Re: Collecting futures in the same actor in libprocess

2018-03-01 Thread Benjamin Mahler
Chatted offline with Chun and Meng and suggested we take an explicit
approach of using process::Sequence to ensure ordered task delivery (this
would need to be done both in the master and agent).

On Thu, Mar 1, 2018 at 1:17 PM, Chun-Hung Hsiao 
wrote:

> Some background for the bug AlexR and Meng found:
>
> In https://issues.apache.org/jira/browse/MESOS-1720,
> we introduce an ordering dependency between two `LAUNCH`/`LAUNCH_GROUP`
> calls to a new executor.
> The master would specify that the first call is the one to launch a new
> executor
> through the `launch_executor` field in
> `RunTaskMessage`/`RunTaskGroupMessage`,
> and the second one should use the existing executor launched by the first
> call.
> At the agent side, it will drop any task that want to launch an executor
> which is already existing,
> or any task that want to run on a non-existent executor.
>
> Running a task/task group goes through a series of continuations,
> one is `collect()` on the future that unschedule frameworks from being
> GC'ed:
> https://github.com/apache/mesos/blob/master/src/slave/slave.cpp#L2158
> another is `collect()` on task authorization:
> https://github.com/apache/mesos/blob/master/src/slave/slave.cpp#L2333
> Since these `collect()` calls run on individual actors, the futures of the
> `collect()` calls for
> two `LAUNCH`/`LAUNCH_GROUP` calls may returns out-of-order,
> even if the futures these two `collect()` wait for are satisfied in order
> (which is true).
>
> The result is that, if this race condition is triggered,
> the agent will try to run the second task/task group before the first one,
> and since the executor is supposed to be launched by the first one,
> the agent will end up sending `TASK_DROPPED` for the second call.
>
> If we can have an interface to make sure that `collect()` returns in the
> same order
> of their dependent futures, this can be avoided.
>
> On Mar 1, 2018 12:50 PM, "Benjamin Mahler"  wrote:
>
> > Could you explain the problem in more detail?
> >
> > On Thu, Mar 1, 2018 at 12:15 PM Chun-Hung Hsiao 
> > wrote:
> >
> > > Hi all,
> > >
> > > Meng found a bug in `slave.cpp`, where the proper fix requires
> collecting
> > > futures in order.

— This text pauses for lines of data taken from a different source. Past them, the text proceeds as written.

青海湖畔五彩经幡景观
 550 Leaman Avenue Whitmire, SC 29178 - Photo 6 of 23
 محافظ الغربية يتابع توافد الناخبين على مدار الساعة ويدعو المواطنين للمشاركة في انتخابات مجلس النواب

Currently every `collect` call spawns it's own actor,
> > so
> > > for two `collect` calls, even though their futures are satisfied in
> > order,
> > > they may finish out-of-order. So we need some libprocess changes to
> have
> > > the ability to collect futures in the same actor. Here I have two
> > > proposals:
> > >
> > > 1. Add a new `collect` interface that takes an actor as a parameter.
> > >
> > > 2. Introduce `process::Executor::collect()` for this.
> > >
> > > Any opinion on these two options?
> > >
> >
>


Re: Collecting futures in the same actor in libprocess

2018-03-01 Thread Chun-Hung Hsiao
Some background for the bug AlexR and Meng found:

In https://issues.apache.org/jira/browse/MESOS-1720,
we introduce an ordering dependency between two `LAUNCH`/`LAUNCH_GROUP`
calls to a new executor.
The master would specify that the first call is the one to launch a new
executor
through the `launch_executor` field in
`RunTaskMessage`/`RunTaskGroupMessage`,
and the second one should use the existing executor launched by the first
call.
At the agent side, it will drop any task that want to launch an executor
which is already existing,
or any task that want to run on a non-existent executor.

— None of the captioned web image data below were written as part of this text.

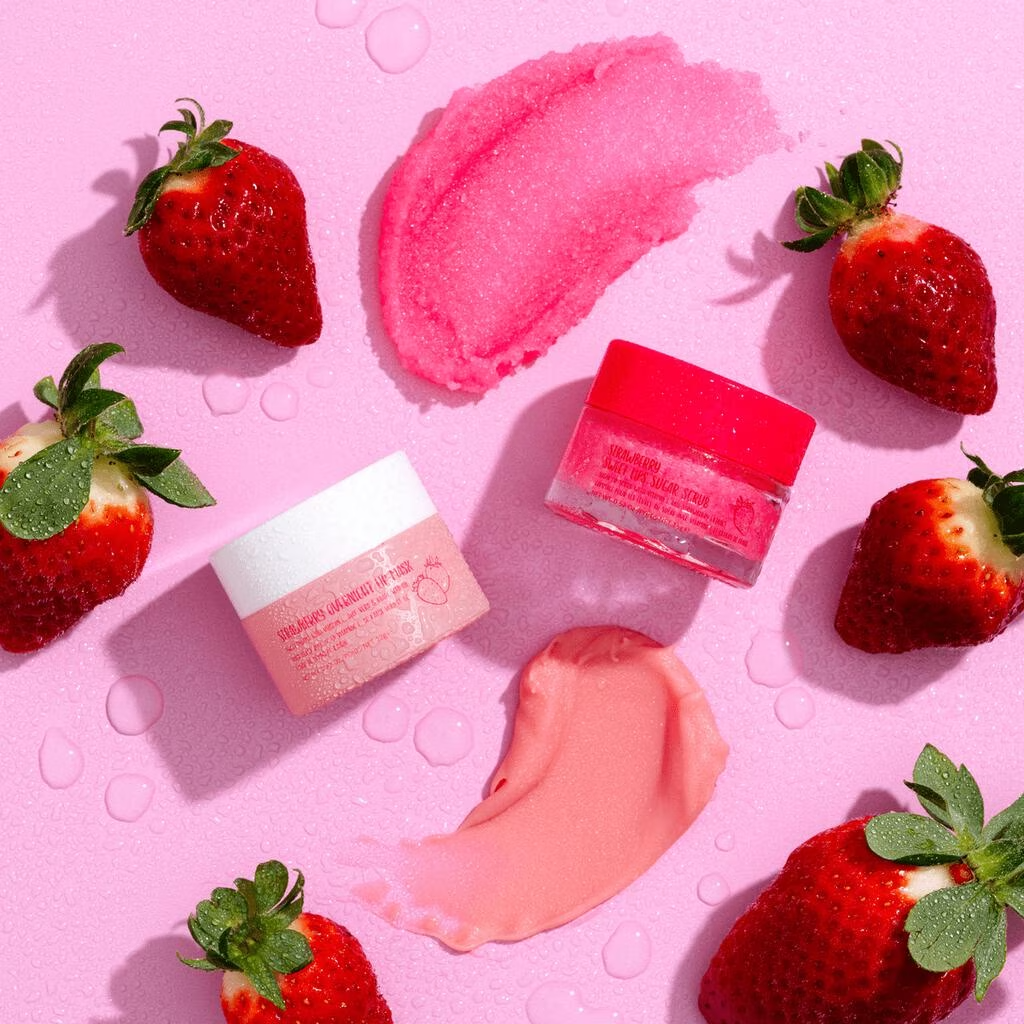 W7 Sweet Dreams Overnight Lip Mask Strawberry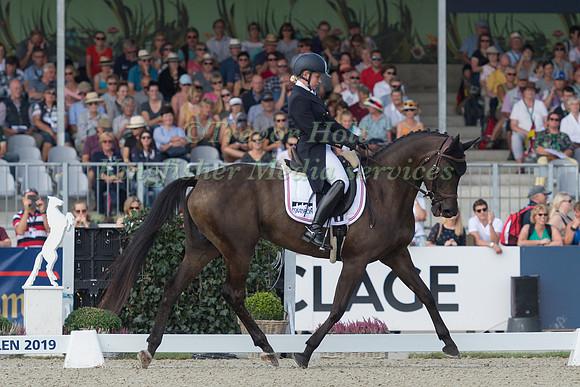 Rebecca Gerold (AUT) and Shannon Queen
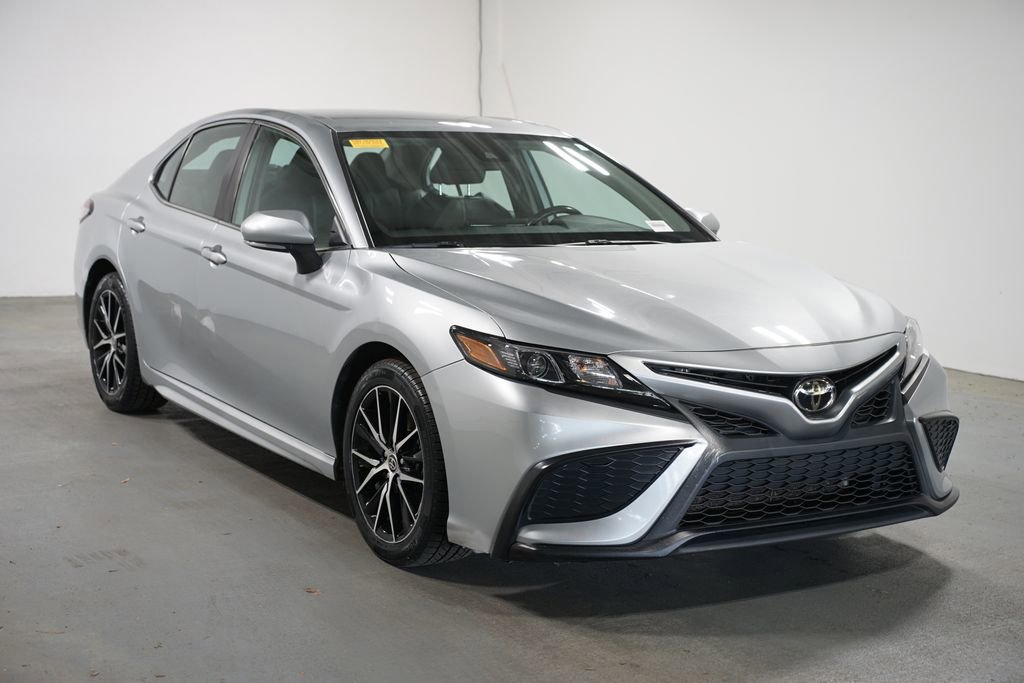 Used 2023 Toyota Camry SE FWD image 3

Running a task/task group goes through a series of continuations,
one is `collect()` on the future that unschedule frameworks from being
GC'ed:
https://github.com/apache/mesos/blob/master/src/slave/slave.cpp#L2158
another is `collect()` on task authorization:
https://github.com/apache/mesos/blob/master/src/slave/slave.cpp#L2333
Since these `collect()` calls run on individual actors, the futures of the
`collect()` calls for
two `LAUNCH`/`LAUNCH_GROUP` calls may returns out-of-order,
even if the futures these two `collect()` wait for are satisfied in order
(which is true).

The result is that, if this race condition is triggered,
the agent will try to run the second task/task group before the first one,
and since the executor is supposed to be launched by the first one,
the agent will end up sending `TASK_DROPPED` for the second call.

If we can have an interface to make sure that `collect()` returns in the
same order
of their dependent futures, this can be avoided.

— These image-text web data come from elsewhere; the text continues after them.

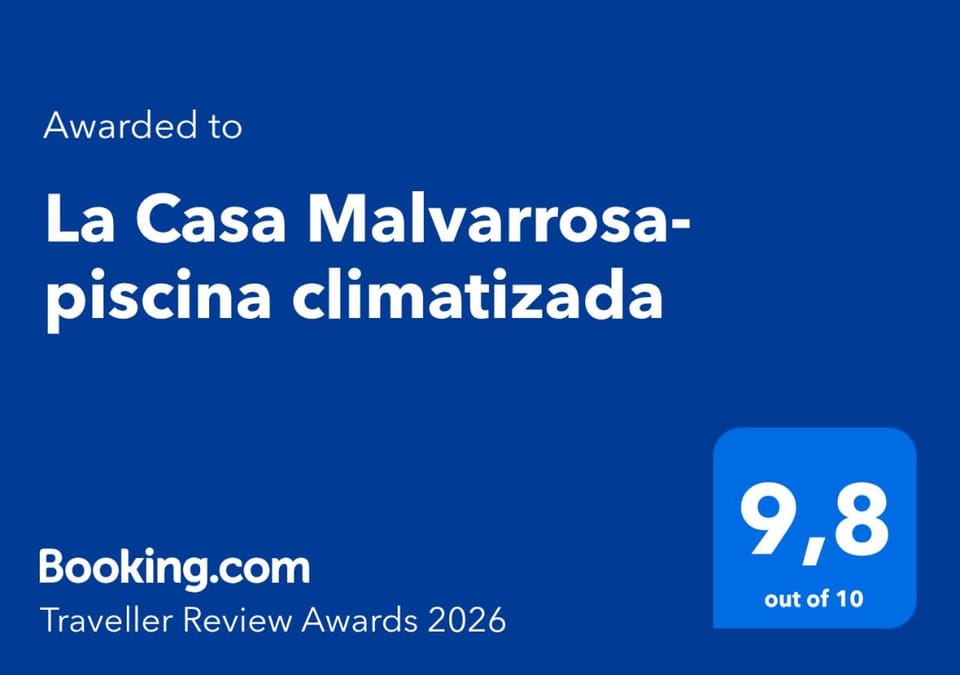 La Casa Malvarrosa- piscina climatizada House in Cantabria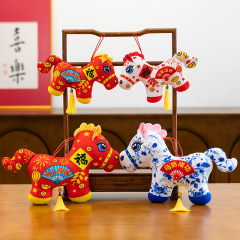 新年吉祥物剪纸小马毛绒玩具公仔国潮马挂件玩偶娃娃国风批发生肖
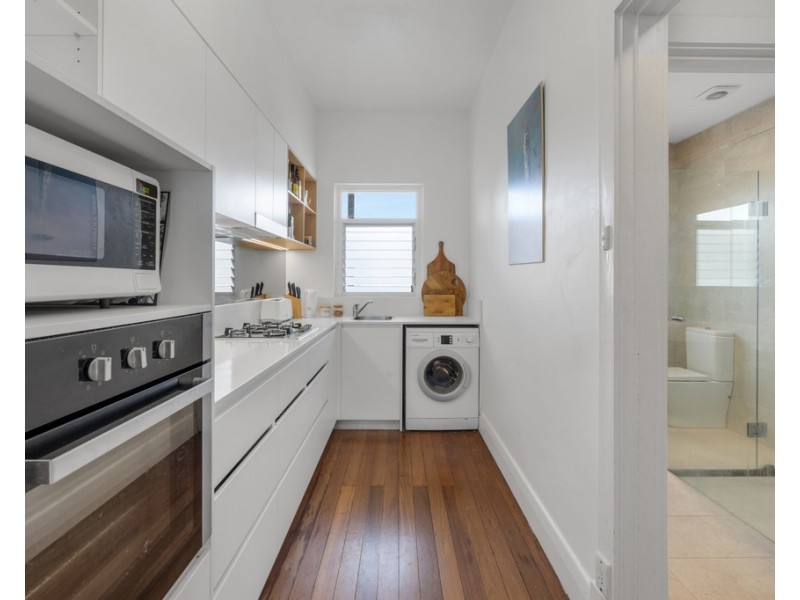 3/31 South Esplanade, Glenelg South SA 5045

On Mar 1, 2018 12:50 PM, "Benjamin Mahler"  wrote:

> Could you explain the problem in more detail?
>
> On Thu, Mar 1, 2018 at 12:15 PM Chun-Hung Hsiao 
> wrote:
>
> > Hi all,
> >
> > Meng found a bug in `slave.cpp`, where the proper fix requires collecting
> > futures in order. Currently every `collect` call spawns it's own actor,
> so
> > for two `collect` calls, even though their futures are satisfied in
> order,
> > they may finish out-of-order. So we need some libprocess changes to have
> > the ability to collect futures in the same actor. Here I have two
> > proposals:
> >
> > 1. Add a new `collect` interface that takes an actor as a parameter.
> >
> > 2. Introduce `process::Executor::collect()` for this.
> >
> > Any opinion on these two options?
> >
>


Re: Collecting futures in the same actor in libprocess

2018-03-01 Thread Benjamin Mahler
Could you explain the problem in more detail?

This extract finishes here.